:: Material for this exercise ::
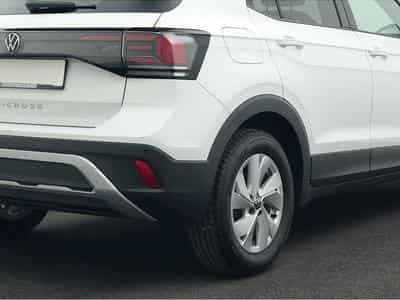 VW T-Cross (2024) - Photo 15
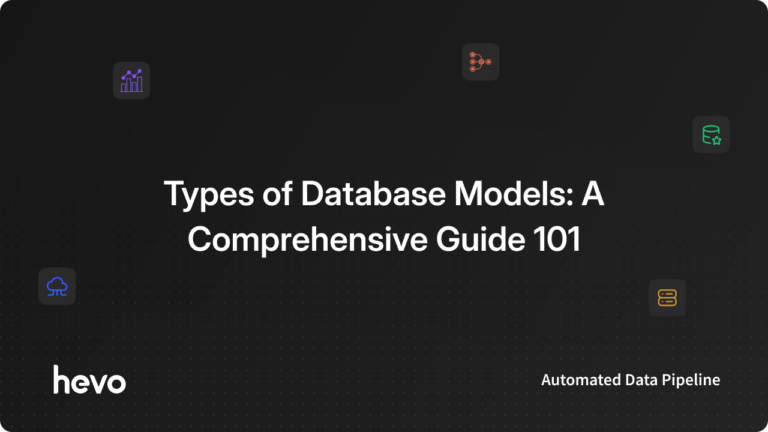 Types of database models: FI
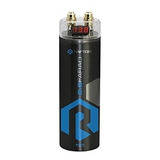 Raptor R4cap Mid Serie - 2,5 Farad Capacitor - Top Digital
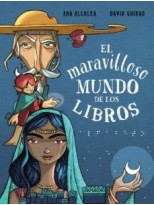 MARAVILLOSO MUNDO DE LOS LIBROS, EL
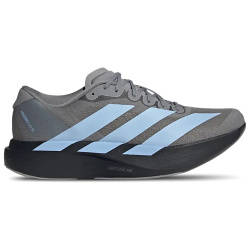 Adidas Adizero Evo SL Grey Blue Unisex Sneakers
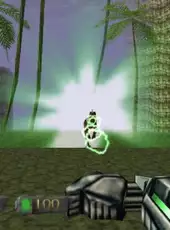 Turok: Dinosaur Hunter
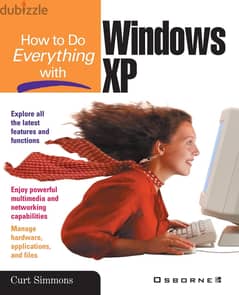 How to Do Everything with Windows XP 0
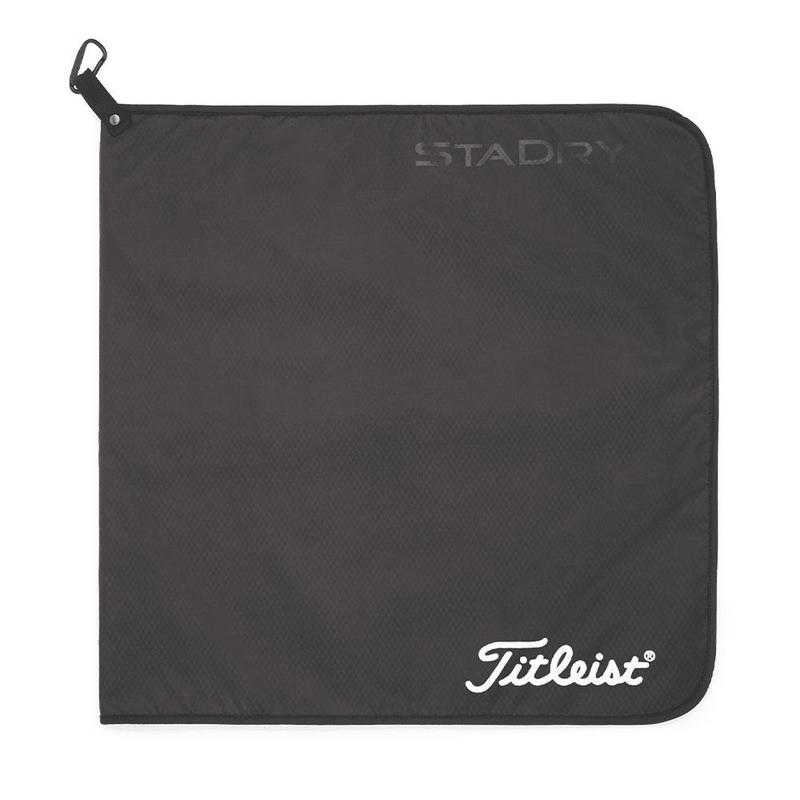 Titleist StaDry Performance Towel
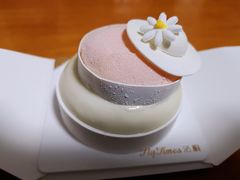 -法桐蛋糕·手作面包(万象城店)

:: Work task ::
Repeat each line of the records exactly, dropping the pictures.

:: Written answer ::
 VW T-Cross (2024) - Photo 15
 Types of database models: FI
 Raptor R4cap Mid Serie - 2,5 Farad Capacitor - Top Digital
 MARAVILLOSO MUNDO DE LOS LIBROS, EL
 Adidas Adizero Evo SL Grey Blue Unisex Sneakers
 Turok: Dinosaur Hunter
 How to Do Everything with Windows XP 0
 Titleist StaDry Performance Towel
 -法桐蛋糕·手作面包(万象城店)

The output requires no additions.